How to report a scam website without using the link

Report a scam website by saving the exact URL and evidence, then choosing the official reporting path that matches what happened. If you paid, signed in, entered personal information, downloaded a file, or allowed remote access, handle that risk first; reporting the URL should not delay bank, account, identity, or device steps.

If you paid, signed in, or entered personal information

Start with the thing that changed, not the report form. These steps are more time-sensitive than a takedown report.

• If you paid or shared payment details, contact the connected bank, card issuer, payment app, crypto exchange, or money-transfer service first.
• If you entered a password or one-time code, go to the real site or app, change the password, sign out of other sessions, and review recovery settings.
• If you shared sensitive personal information, start with the exact information exposed: SSN, ID image, bank login, card number, address, phone number, email, document, or verification code.
• If you downloaded something, installed an app, allowed remote access, or approved a browser profile, disconnect from the site and check the device or account before continuing.

Save the evidence before you report

Keep what you already have. Do not click deeper into the site, create another account, place a test order, or send more information just to prove the site is fake.

• The exact website URL, including unusual spelling, extra words, numbers, dashes, subdomains, and the top-level domain.
• Screenshots of the page, fake checkout, fake login screen, product listing, business name, contact page, wallet address, or payment instructions.
• Messages that sent you there, including emails, texts, DMs, ads, search results, social posts, marketplace listings, QR codes, or invoices.
• Payment or account details such as dates, amounts, transaction IDs, order numbers, wallet addresses, card alerts, bank notices, account warnings, and support ticket numbers.
• A short timeline of what you clicked, entered, paid, downloaded, installed, approved, or changed.

For IC3 reports, the FBI asks for accurate details such as website, transaction, contact, and incident information. IC3 also tells people to keep original evidence because attachments are not collected through the complaint form.

Where to report a scam website

Most people need one or two reports, not every form on the internet. Use the row that matches the risk, then report to any platform, bank, payment app, exchange, marketplace, or real company involved.

If you are not sure which government route applies, USAGov’s reporting tool can route the scam by where it happened and the category.

What reporting can and cannot do

Reporting is worth doing, but it is not the same as a refund request, police case update, or takedown guarantee.
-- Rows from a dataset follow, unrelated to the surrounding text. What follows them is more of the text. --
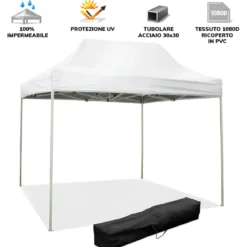 Gazebo da Giardino 3x2 a Fisarmonica Impermeabile Bianco con Sacca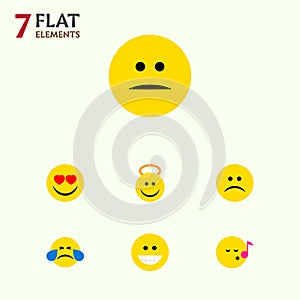 Flat Icon Face Set Of Grin, Descant, Love And Other Vector Objects. Also Includes Heart, Sing, Eyes Elements. photo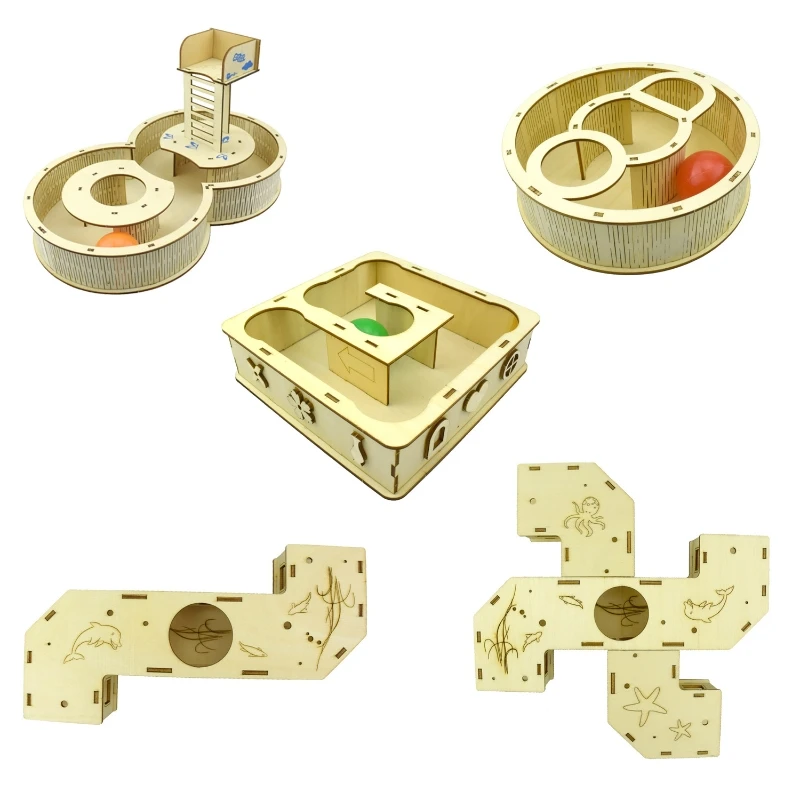 

Small Animal Hamster Maze Natural Wood Exercise Toy Playground Tube Tunnel Cage Accessories for hamsters gerbils or mice cage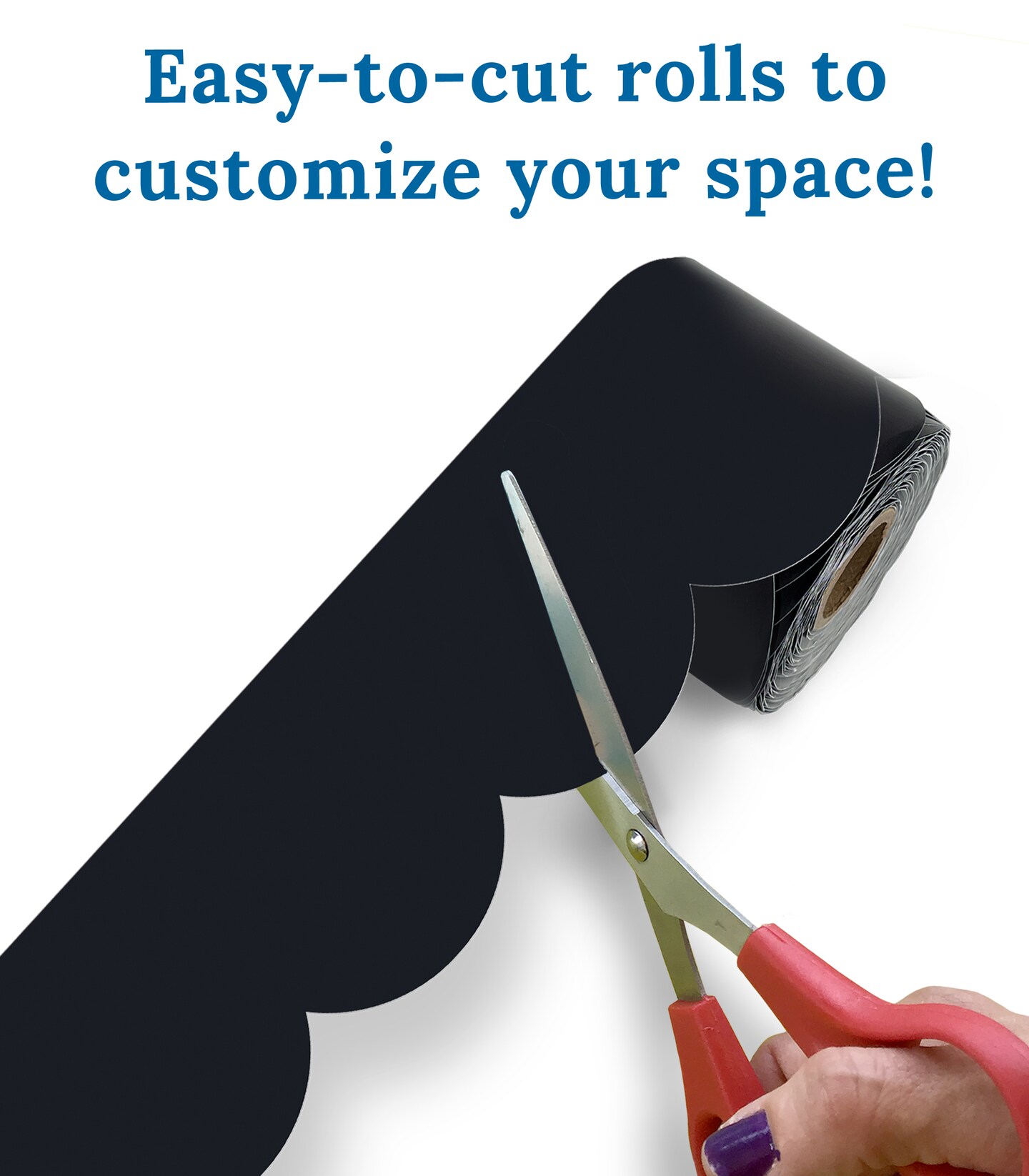 Carson Dellosa 65Ft of Black Bulletin Board Borders, 1 Roll of Scalloped Trim for Rolling Whiteboard, Cork and Posterboard, Party, Office Decorations, and Classroom Decor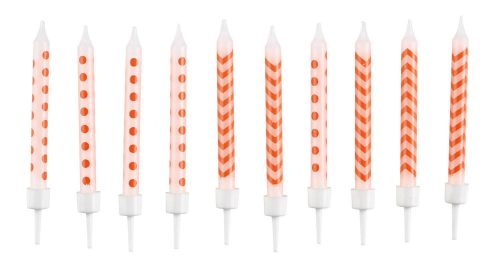 Orange spiral cake candle, candle set 10 pcs.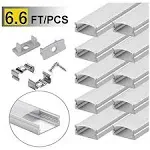 StarlandLed 10-Pack 6.6ft/ 2 Meter U Shape LED Aluminum Channel System with Milk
The FTC says reports can help it build cases, spot trends, educate the public, and share community data. IC3 says complaints are reviewed and may be referred, but contact or investigation is at the receiving agency’s discretion.

The practical takeaway: report the URL, but also contact the organization that can act on your specific loss or account risk. A browser report may help with warnings, a bank dispute may help with payment, a platform report may remove an account or listing, and an FTC or IC3 report helps the larger fraud record.

Avoid fake reporting and recovery sites

A reporting search can become another scam. The FBI warned in 2025 that criminals spoofed IC3 websites, sometimes using slightly altered domains to steal personal and banking information from people trying to report crime.

Common questions

Can ScamClarity report the website for me?

No. ScamClarity can help you choose a reporting path, but formal reports should be filed directly with the official agency, platform, company, bank, payment provider, or local authority that applies.

Will the scam website be taken down?

Maybe, but do not count on it happening quickly. Browser warnings, platform removals, hosting action, law enforcement review, and payment-provider review all depend on the facts, the receiving organization, and the evidence available.

Should I report it if I only saw the website?

Often, yes. A report that includes the exact URL and how you found it can still help show that the site is being used in a broader scam.

Should I report a scam website to both FTC and IC3?

Sometimes. The FTC route fits many consumer fraud reports. IC3 is the better fit when the scam involved online fraud, account takeover, crypto, remote access, payment movement, or other cyber-enabled crime. If both fit, filing both can be reasonable, but do not delay provider actions.